The only hilarity was watching the talking heads walk back their hot takes. Fulham attacked the top flight, as Silva said they would, and survived comfortably. They might even have finished higher than tenth had it not been for those minutes of madness at Old Trafford. Silva, who took the Craven Cottage job to prove his Premier League coaching credentials, wanted the Whites to strengthen over the summer but the close season has been one of Saudi Arabian intrusion. The Public Investment Fund-backed clubs targeted Mitrovic and the head coach himself, whilst talkSPORT tried their best to secure Joao Palhinha’s services for West Ham – memorably inventing a release clause. Even when Silva intervened to ensure Willian committed his future to the club, the Brazilian winger was the subject of Saudi overtures – sowing seeds of doubt ahead of Fulham’s final pre-season friendly.

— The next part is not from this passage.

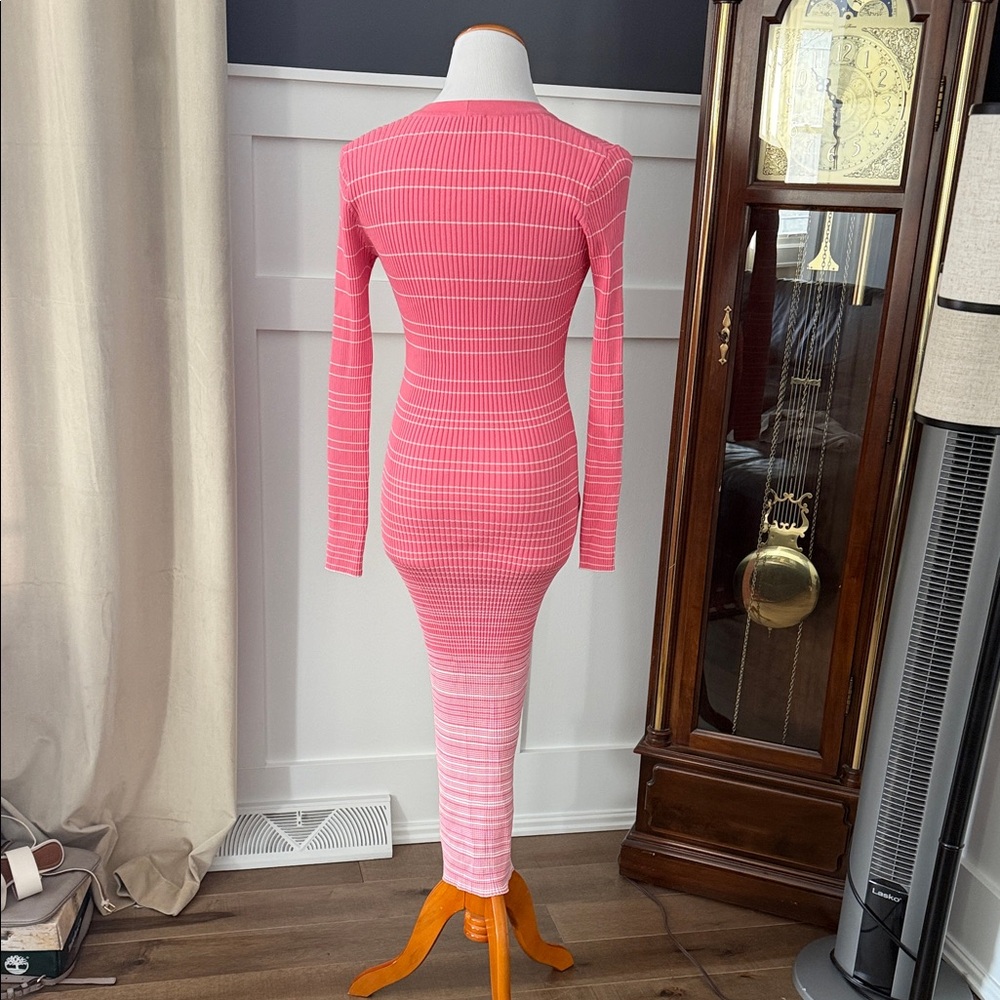 STAUD Pink Striped Long Sleeve Dress - Picture 3 of 5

Silva has refused to sign a new contract until he is satisfied that the Fulham hierarchy’s ambition matches his own. But the Portuguese head coach, pivotal to the project of establishing London’s oldest professional club amongst the English elite again a decade after the devastating relegation at the end of the Khan family’s first season at the helm, set an example to his players by rebuffing the Saudi Arabian cash to stay at the Cottage. Like a succession of his predecessor, Silva has been disappointed by the slowness of Fulham’s transfer business: the club’s only two summer signings, Raul Jimenez and Calvin Bassey, only arrived midway through the pre-season tour of the United States. Continual investment is crucial in the Premier League – where standing still leads to clubs getting left behind – and the glacial pace of Fulham’s recruitment leaves Silva short of bodies again days before the big kick off.

The discord amongst long-suffering Fulham fans, who have been asked to dig deeper into their pockets after an inflation-busting 18.5% average rise in their season tickets, dissipated a little during Saturday’s final friendly win over Hoffenheim. Not only did Willian start, but Mitrovic was influential after coming off the bench whilst the goals came from Jimenez, who proved his poaching ability to score on his first start for his new employers, and Bassey. The former Rangers and Ajax centre back capped a commanding display with a thumping header from a corner and should slot seamlessly in alongside Issa Diop at Everton on Saturday, with Tim Ream still feeling his way back from a serious shoulder injury.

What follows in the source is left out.